What you should do:
Repeat the data word for word. Do not include the pictures.

··· Records for the exercise

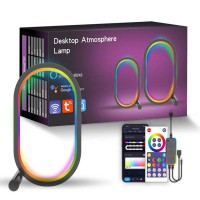 Настільна LED лампа RGB Smart desk oval lamp Bluetooth USB with app Black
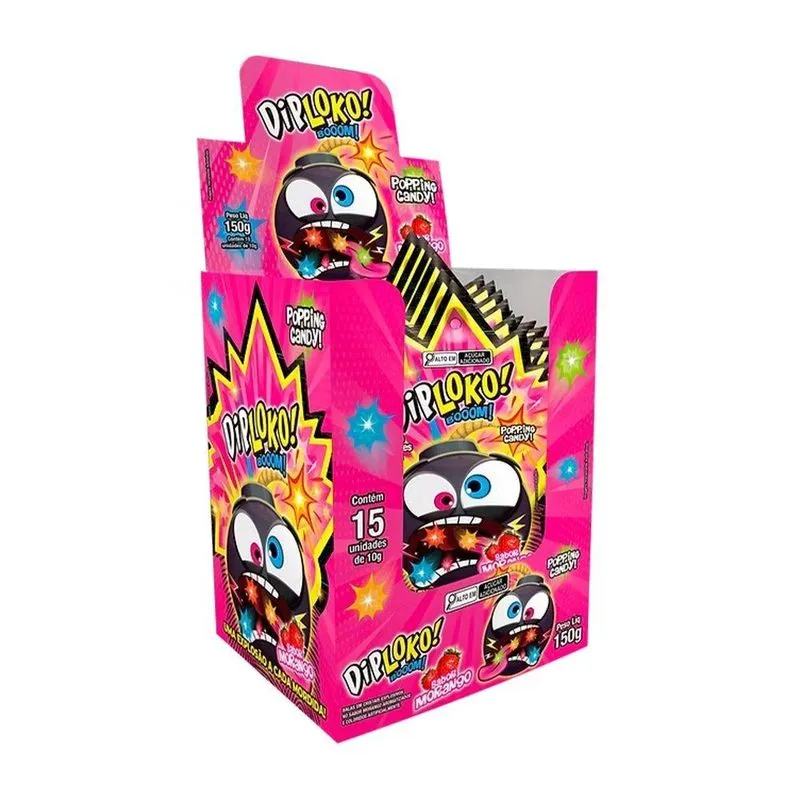 Diploko Mini Booom Morango 10g - Embalagem Com 15 Unidades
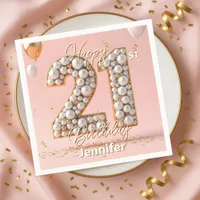 Dazzling Blush Pink and Pearl Gold 21st Birthday  Napkins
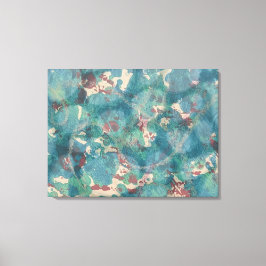 Abstract Mixed Media in Teal Aqua and Rust Canvas Afdruk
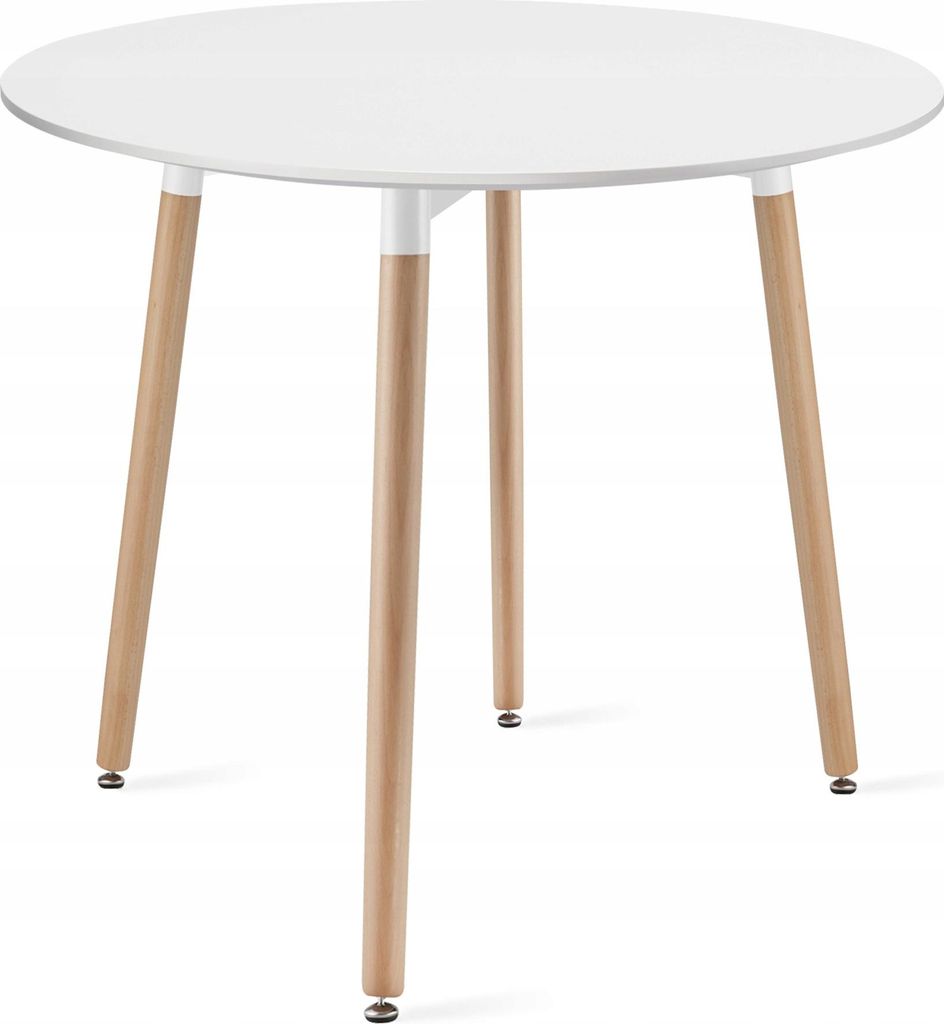 Stół Okrągły Biały do Jadalni Kuchni Salonu TWO 80cm Zdjęcie produktu 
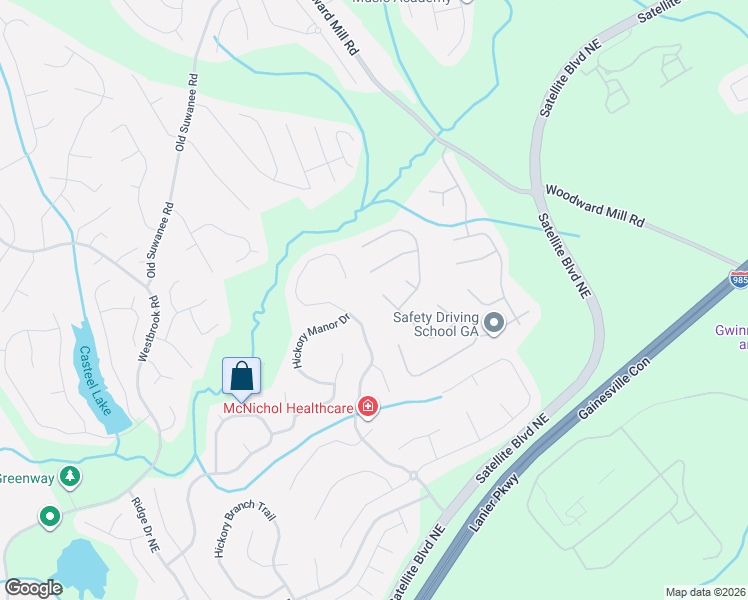 map of restaurants, bars, coffee shops, grocery stores, and more near 759 Roxholly Lane Northeast in Buford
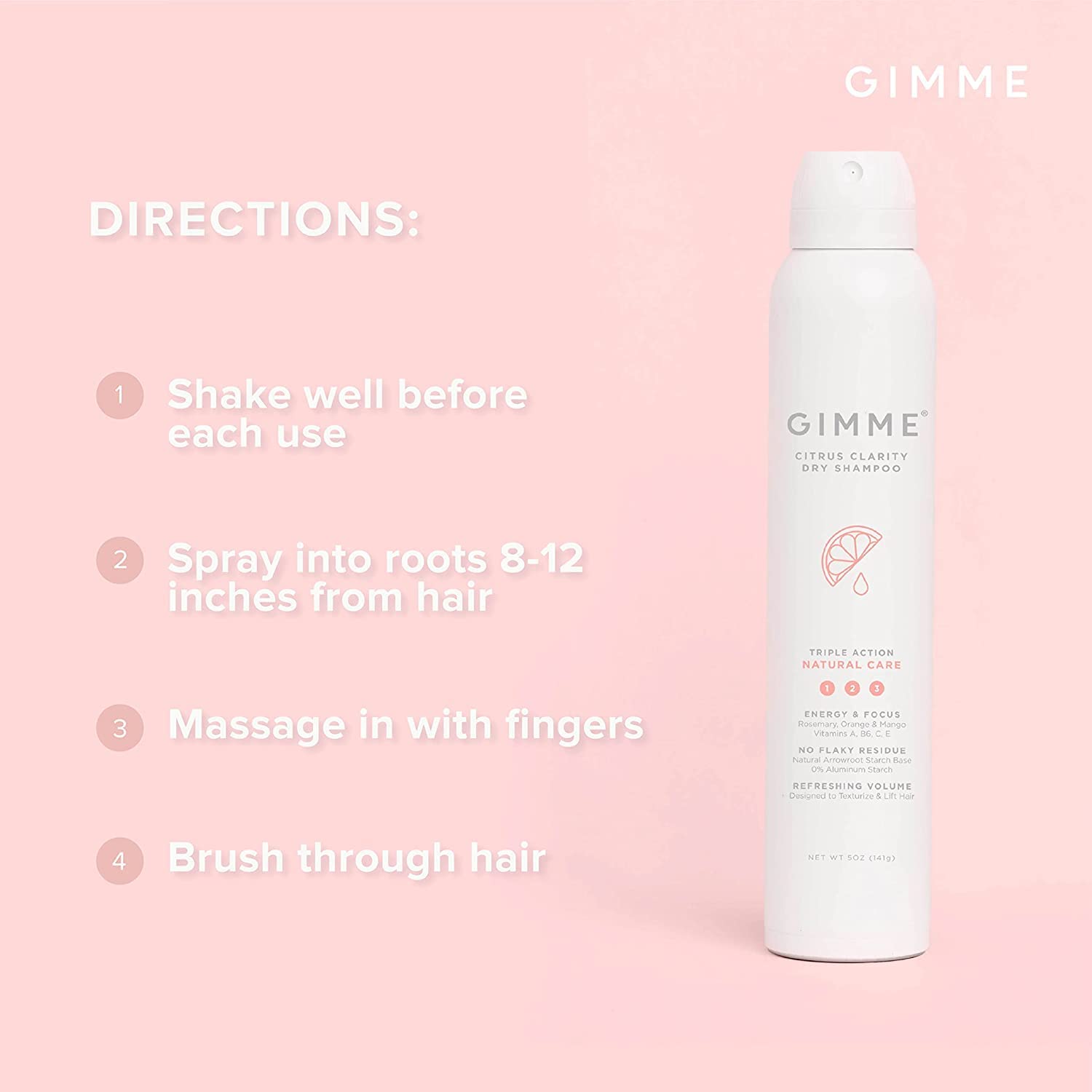 Gimme Beauty - Citrus Clarity - Natural Care Dry Shampoo with Rosemary, Orange, Mango, & Vitamins A, B6, C, & E - Texturizes & L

······

Exercise solution:
 Настільна LED лампа RGB Smart desk oval lamp Bluetooth USB with app Black
 Diploko Mini Booom Morango 10g - Embalagem Com 15 Unidades
 Dazzling Blush Pink and Pearl Gold 21st Birthday  Napkins
 Abstract Mixed Media in Teal Aqua and Rust Canvas Afdruk
 Stół Okrągły Biały do Jadalni Kuchni Salonu TWO 80cm Zdjęcie produktu 
 map of restaurants, bars, coffee shops, grocery stores, and more near 759 Roxholly Lane Northeast in Buford
 Gimme Beauty - Citrus Clarity - Natural Care Dry Shampoo with Rosemary, Orange, Mango, & Vitamins A, B6, C, & E - Texturizes & L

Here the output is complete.